Abstract

The moderating effect of managerial discretion on the relationship between product differentiation strategy and firm financial performance has not received necessary empirical attention. The study sought to examine the moderating effect of managerial discretion on the relationship between product differentiation and the perceived financial performance of commercial banks in Uganda. A cross-section survey design was formulated targeting a population comprised of 210 Senior Managers and Chief Executives of 10 selected commercial banks in Uganda, which were chosen because of their relatively consistent superior financial performance in the last five years. A sample of 137 individuals was calculated using Yamane’s (1967) formula, and the technique of stratified proportionate random sampling was used in selecting sample subjects. Data was collected from these individuals using structured questionnaires and analyzed descriptively (using frequencies, percentages, means, and standard deviations) and inferentially using partial least squares structural equation modelling (PLS-SEM).
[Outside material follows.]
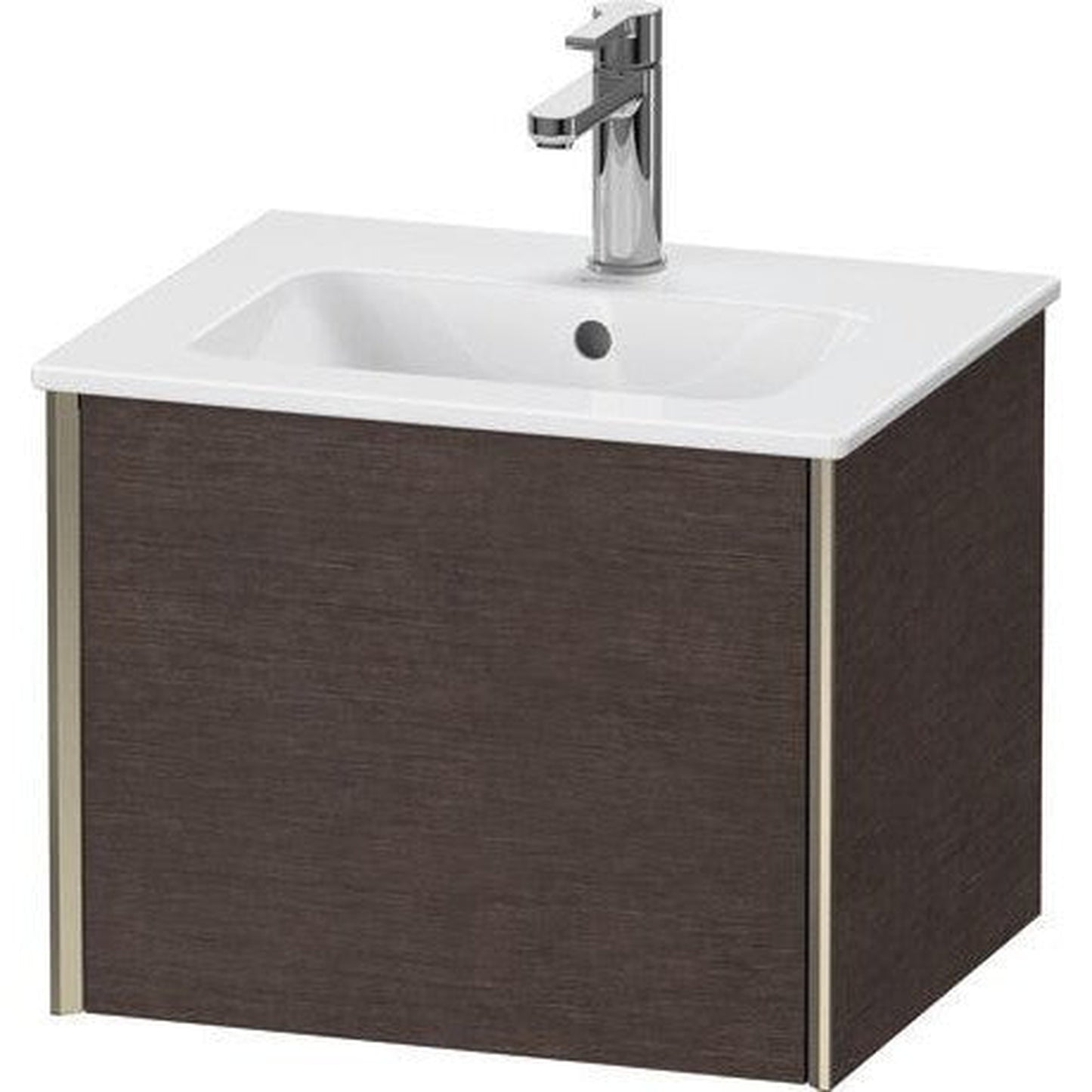 Duravit Xviu 20" x 16" x 17" One Drawer Wall-Mount Vanity Unit, Brushed Dark Oak Real Wood Veneer (XV42150B172)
The coefficient of the interaction term between managerial discretion and product differentiation strategy (MD*PD) was found positive and significant (β = 0.3421, ρ<0.05). Accordingly, the null hypothesis was rejected. It is concluded that managerial discretion is an important factor in the adoption of product differentiation strategies for purposes of enhancing the perceived financial performance of commercial banks in Uganda. The study recommends that commercial banks in Uganda should avail Chief Executives with the necessary and adequate latitude to implement product differentiation strategies if they are to maximize financial performance.